> _YOUR TASK_
Everything in the data except the pictures belongs in your answer, copied exactly.

> _INPUT DATA_
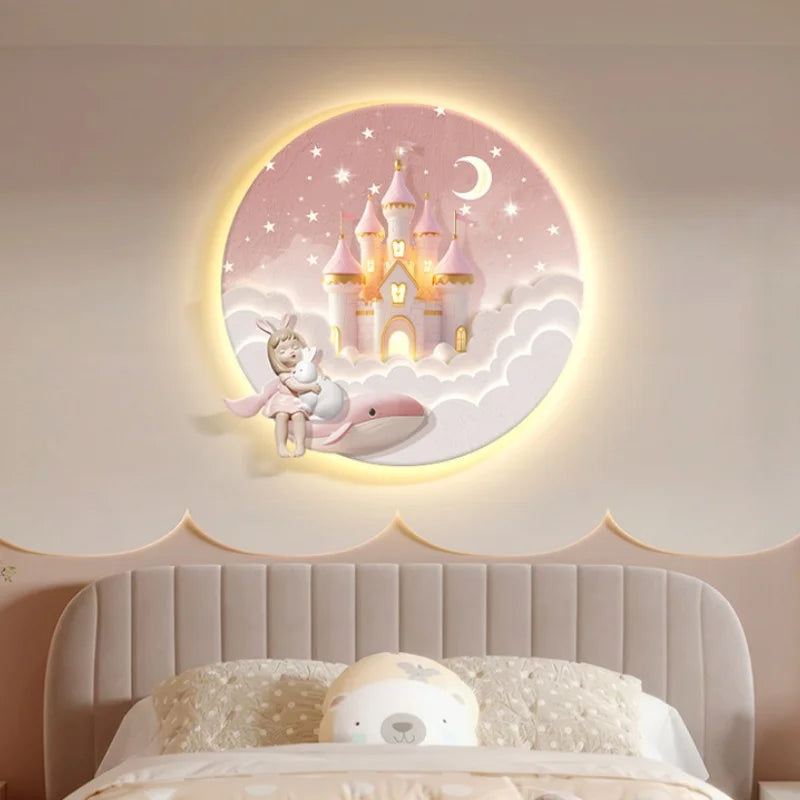 Children's Room Decoration Painting Wall Lamp Girls' Room Hanging Painting New Creative Cartoon Castle Lamp Painting bedroom LED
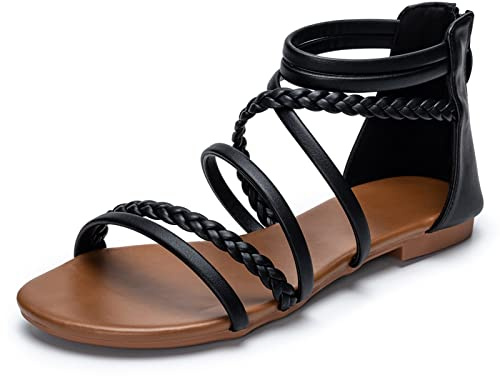 youngshow Gladiator Sandals for Women Cross Braided Strappy Sandals Womens Open Toe Dressy Summer Flat Sandals with Ankle Strap Zip Closure Holiday Beach Sandals Black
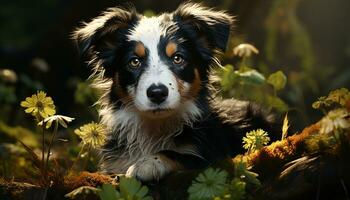 Cute puppy sitting on grass, looking at camera, playful and fluffy generated by AI photo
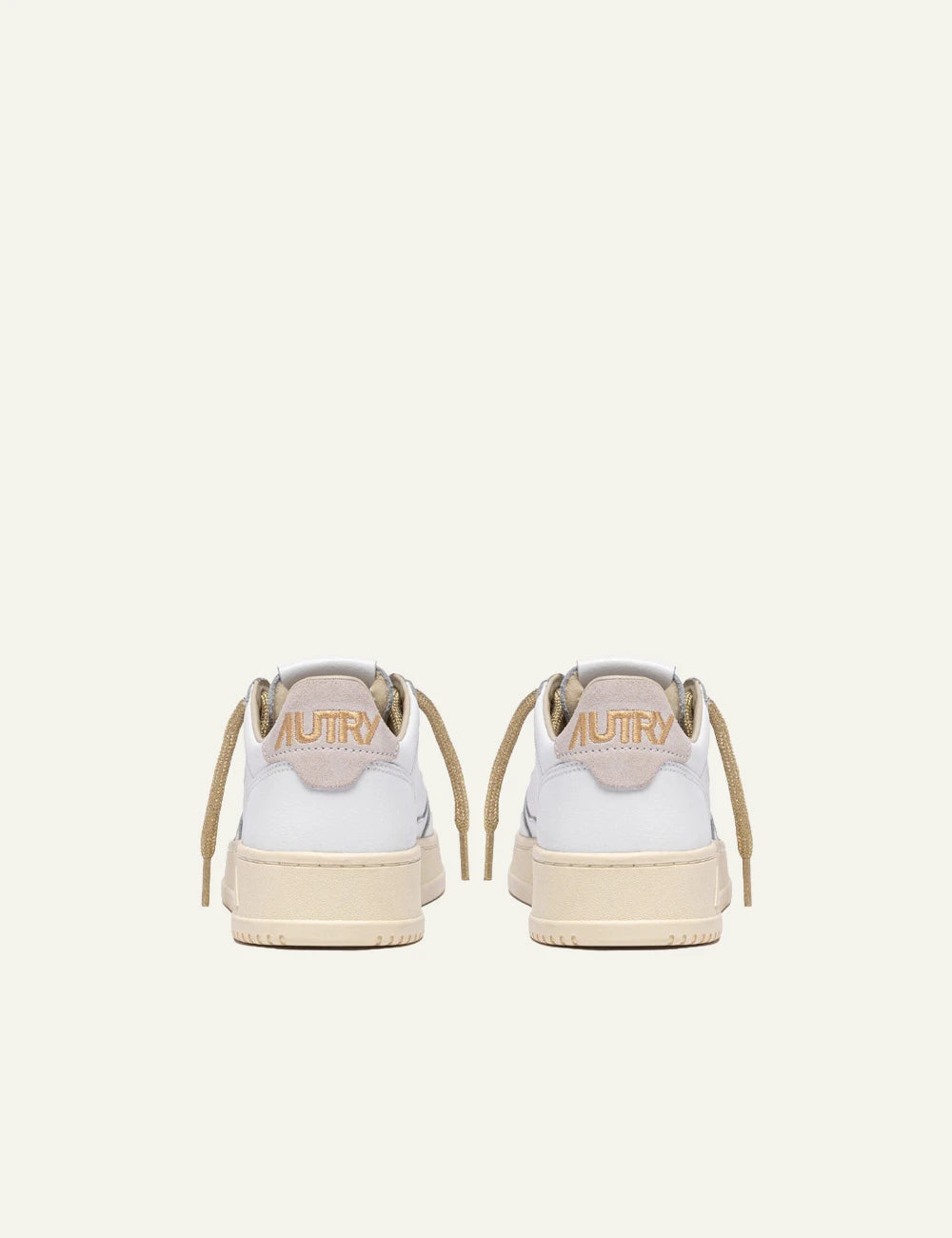 Autry Medalist low sneaker white leather gold lurex laces back pair view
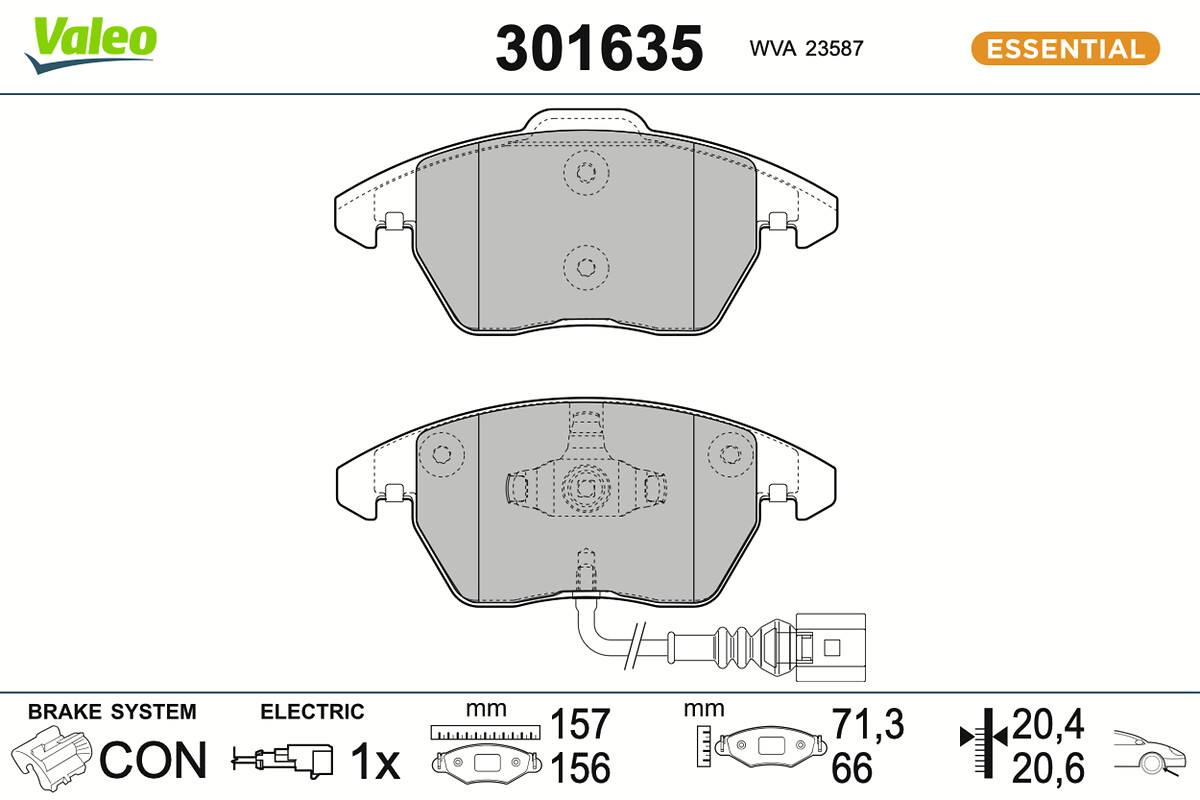 Brake Pad Set, disc brake - 301635 VALEO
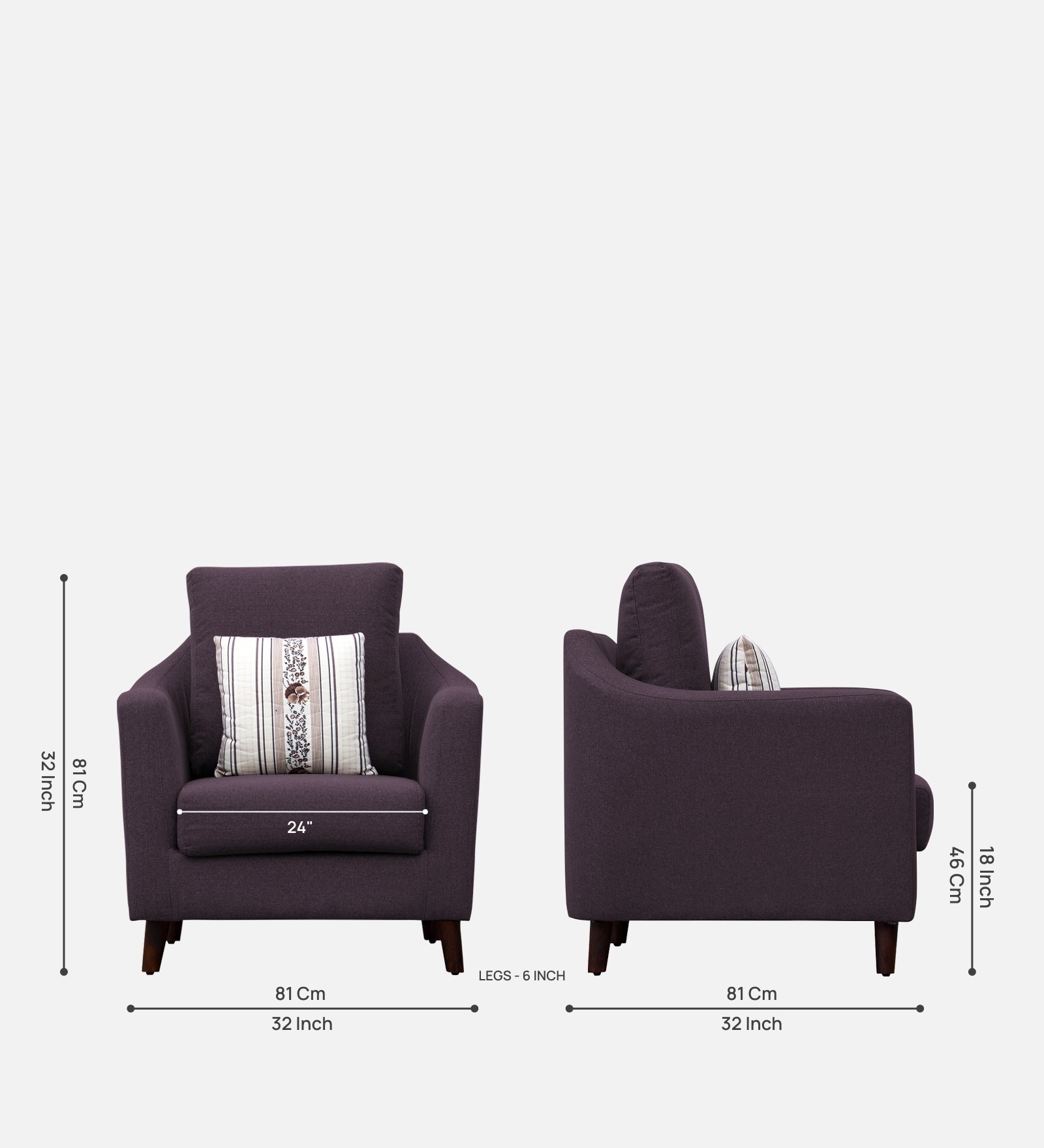 Kevin Fabric 1 Seater Sofa in Greek Purple Colour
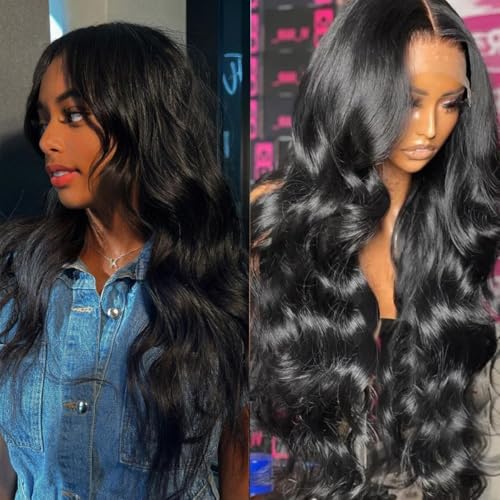 13x6 Body Wave Lace Front Wigs Human Hair Pre Plucked 200% Density HD Transparent Lace Frontal Wigs Human Hair With Baby Hair Natural Black 26 Inch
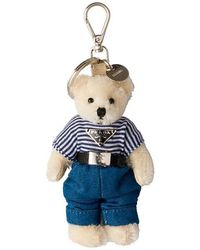 Prada - Teddy Bag Charm With Metal Ring - Lyst
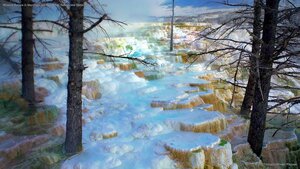 Minerva Terrace in Mammoth Hot Springs at Yellowstone National Park, Wyoming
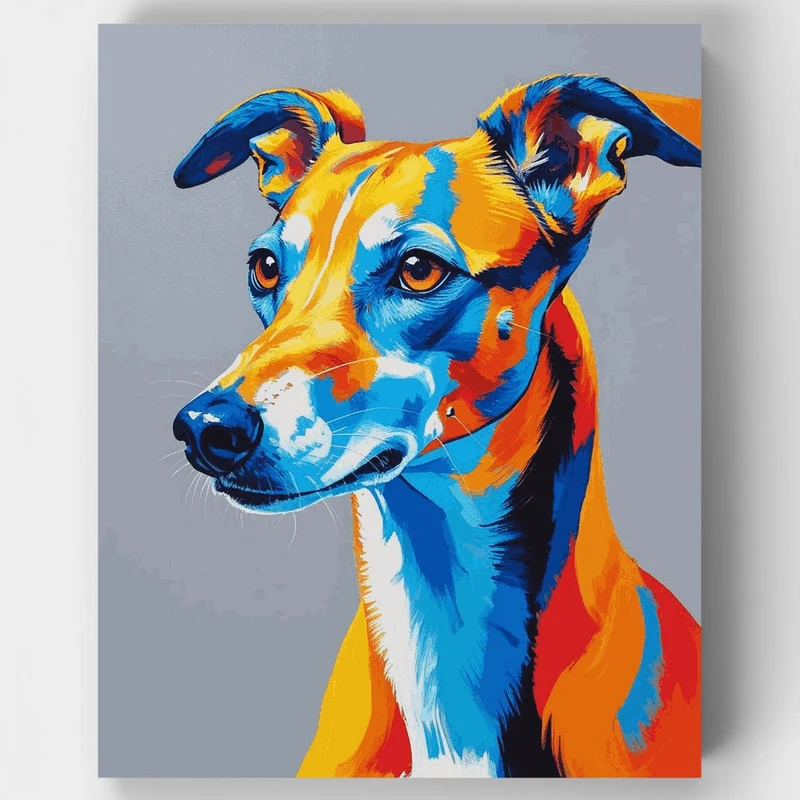 Vibrant Greyhound Portrait - Paint by Numbers Kit
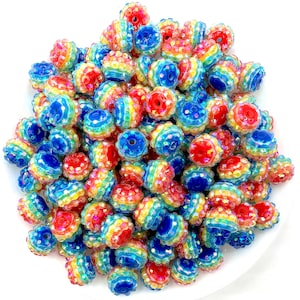 12mm Rainbow Rhinestone Beads, Rainbow Striped AB Rhinestone Mini Chunky Beads Set of 10 20 or 50, Bubble Gum Beads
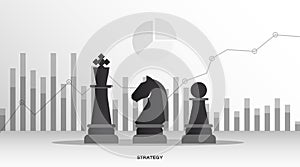 Business Strategy Illustration With Chess Pieces And Graphs, Gray Background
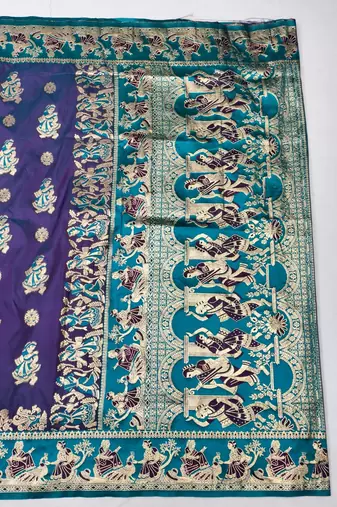 Purple zari woven silk blend saree with blouse piece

> _RESPONSE TO THE EXERCISE_
 Children's Room Decoration Painting Wall Lamp Girls' Room Hanging Painting New Creative Cartoon Castle Lamp Painting bedroom LED
 youngshow Gladiator Sandals for Women Cross Braided Strappy Sandals Womens Open Toe Dressy Summer Flat Sandals with Ankle Strap Zip Closure Holiday Beach Sandals Black
 Cute puppy sitting on grass, looking at camera, playful and fluffy generated by AI photo
 Autry Medalist low sneaker white leather gold lurex laces back pair view
 Brake Pad Set, disc brake - 301635 VALEO
 Kevin Fabric 1 Seater Sofa in Greek Purple Colour
 13x6 Body Wave Lace Front Wigs Human Hair Pre Plucked 200% Density HD Transparent Lace Frontal Wigs Human Hair With Baby Hair Natural Black 26 Inch
 Prada - Teddy Bag Charm With Metal Ring - Lyst
 Minerva Terrace in Mammoth Hot Springs at Yellowstone National Park, Wyoming
 Vibrant Greyhound Portrait - Paint by Numbers Kit
 12mm Rainbow Rhinestone Beads, Rainbow Striped AB Rhinestone Mini Chunky Beads Set of 10 20 or 50, Bubble Gum Beads
 Business Strategy Illustration With Chess Pieces And Graphs, Gray Background
 Purple zari woven silk blend saree with blouse piece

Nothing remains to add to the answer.